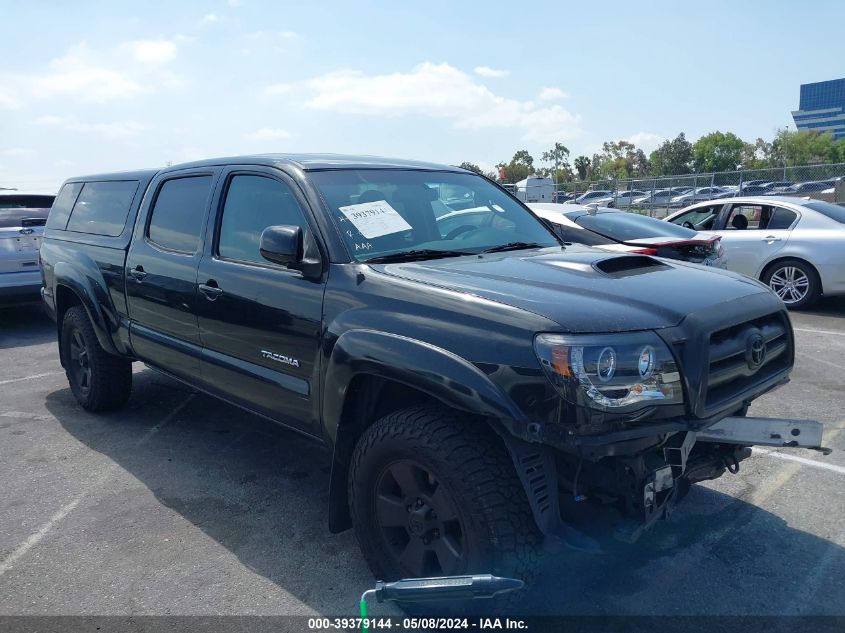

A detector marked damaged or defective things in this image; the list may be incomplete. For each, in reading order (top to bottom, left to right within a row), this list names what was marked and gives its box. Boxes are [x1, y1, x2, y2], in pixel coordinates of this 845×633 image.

exposed bumper bracket [696, 418, 828, 452]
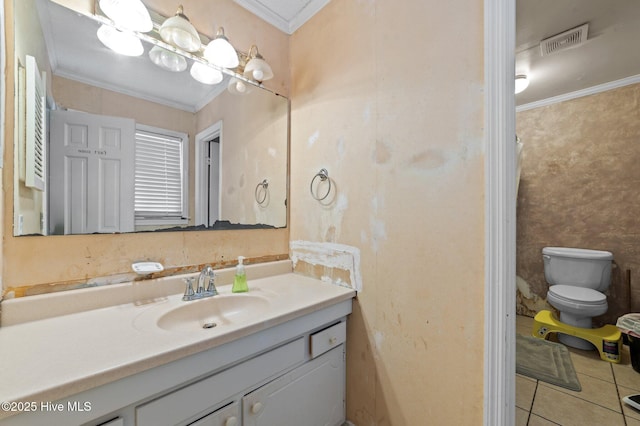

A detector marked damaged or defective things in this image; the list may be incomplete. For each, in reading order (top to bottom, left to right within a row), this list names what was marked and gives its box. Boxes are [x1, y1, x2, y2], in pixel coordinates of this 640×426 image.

wall with peeling paint [292, 0, 484, 422]
wall with peeling paint [516, 82, 640, 326]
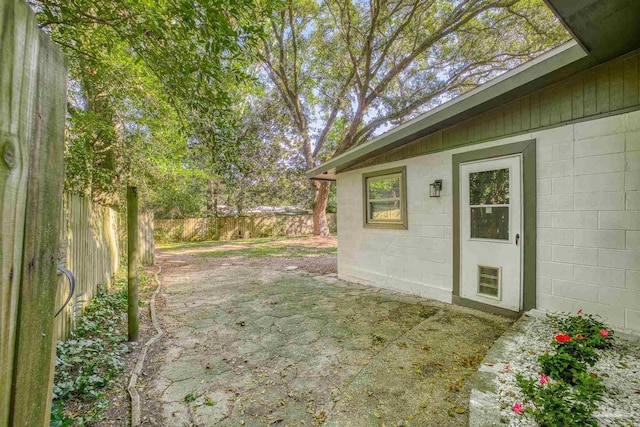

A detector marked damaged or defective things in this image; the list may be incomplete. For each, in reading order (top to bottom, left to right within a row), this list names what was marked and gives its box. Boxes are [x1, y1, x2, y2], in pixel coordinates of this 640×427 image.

cracked concrete [144, 241, 510, 427]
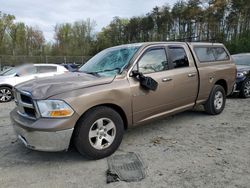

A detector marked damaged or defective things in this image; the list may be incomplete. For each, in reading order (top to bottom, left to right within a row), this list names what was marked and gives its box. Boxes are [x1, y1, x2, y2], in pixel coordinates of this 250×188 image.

damaged front bumper [10, 108, 74, 152]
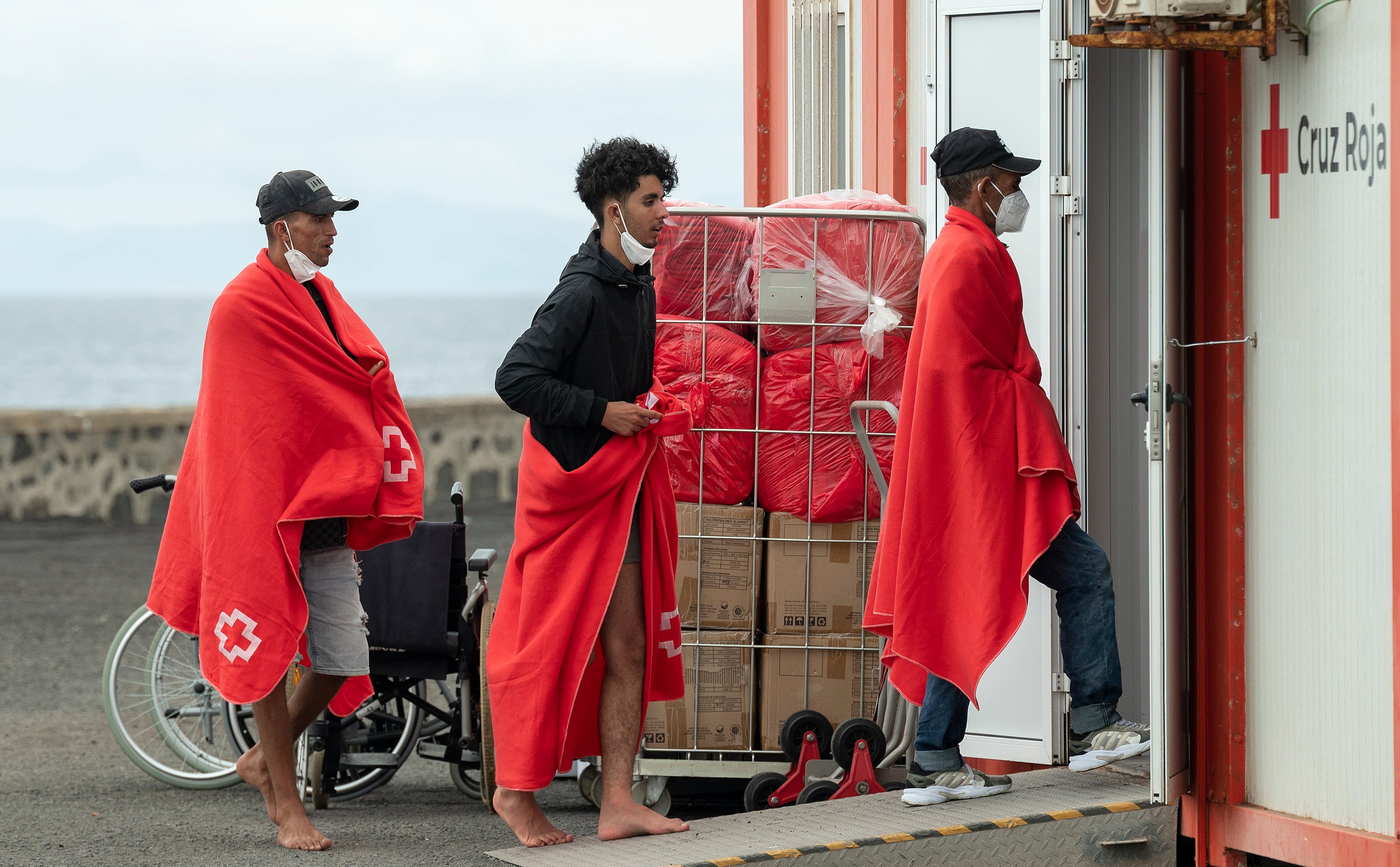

** WORK TO BE COMPLETED **
Pictures are not part of the copy. Extract exactly the lines from the line containing "this 640×427 image." through the final line of the entries above, both included.

** ANSWER FOR THE TASK **
A detector marked damaged or defective things in this image; the list may be incomplete. For each, in reading order (top to bottom, left to right within a row), this list names what was marked and gives its box. Boxes are [x1, y1, x2, y2], in pixel coordinates of this 640×427 image.

cracked concrete [144, 241, 510, 427]

A detector marked damaged or defective things in this image; the list may be incomplete. For each, in reading order (top to bottom, left to right within a row), this list names what was marked and gives its box. Boxes are [x1, y1, x2, y2], in pixel coordinates of this 250×188 image.

damaged front bumper [10, 108, 74, 152]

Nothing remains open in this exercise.